Ее глубочайшую неправильность обнаружил сам Толстой, когда попытался быть последовательным в своих собственных выводах.
Нам думается, что если мы сравним по заразительности обыкновенный крик ужаса и сильнейший роман или трагедию, то произведение искусства не выдержит этого сравнения, и очевидно, что надо привнести нечто еще иное к простой заразительности для того, чтобы понять, что такое искусство. Очевидно, искусство производит какое-то другое впечатление, и в этом смысле очень прав Лонгин, который говорит: «Нужно тебе знать, что другое дело изображение у оратора и другое у поэта, а также, что цель изображения в поэзии — трепет, в прозе же — выразительность». Вот этот трепет, который составляет цель поэзии, в отличие от выразительности, равной заразительности, в прозе, и не уловлен совершенно формулой Толстого.
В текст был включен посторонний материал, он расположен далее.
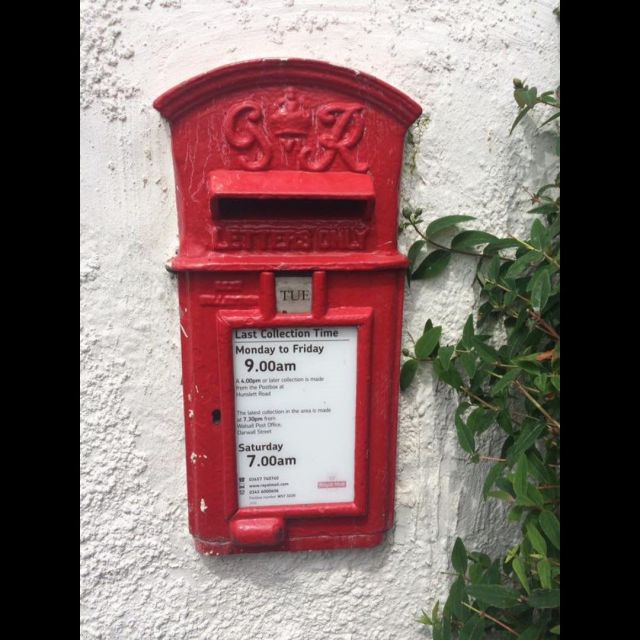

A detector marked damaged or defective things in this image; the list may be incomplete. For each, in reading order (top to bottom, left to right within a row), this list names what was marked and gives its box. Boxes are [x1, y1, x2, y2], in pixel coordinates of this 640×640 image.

В эротической поэзии, если только она в самом деле лирична, гораздо меньше соблазна, чем в тех произведениях образного искусства, в которых вопрос любви и пресловутая половая проблема трактуются с целью морального воздействия на читателя. Мы видим, таким образом, что теория Толстого не оправдывается даже там, где он видел ее наивысшую правоту, — в искусстве прикладном. Что касается большого искусства — искусства Бетховена и Шекспира, то сам Толстой указал на то, что эта теория там не приложима. И в самом деле, как безотрадно было бы дело искусства в жизни, если бы оно не имело другой задачи, кроме как заражать чувствами одного — многих людей. Его значение и роль были бы при этом чрезвычайно незначительны, потому что в конце концов никакого выхода за пределы единичного чувства, кроме его количественного расширения, мы не имели бы в искусстве. Чудо искусства тогда напоминало бы безотрадное евангельское чудо, когда пятью-шестью хлебами и двенадцатью рыбами была накормлена тысяча человек, и все ели и были сыты, и оставшихся костей набрано двенадцать коробов. Здесь чудо только в количестве — тысяча евших и насытившихся, но каждый ел только рыбу и хлеб, хлеб и рыбу. И не то ли же самое ел каждый из них каждый день в своем доме без всякого чуда?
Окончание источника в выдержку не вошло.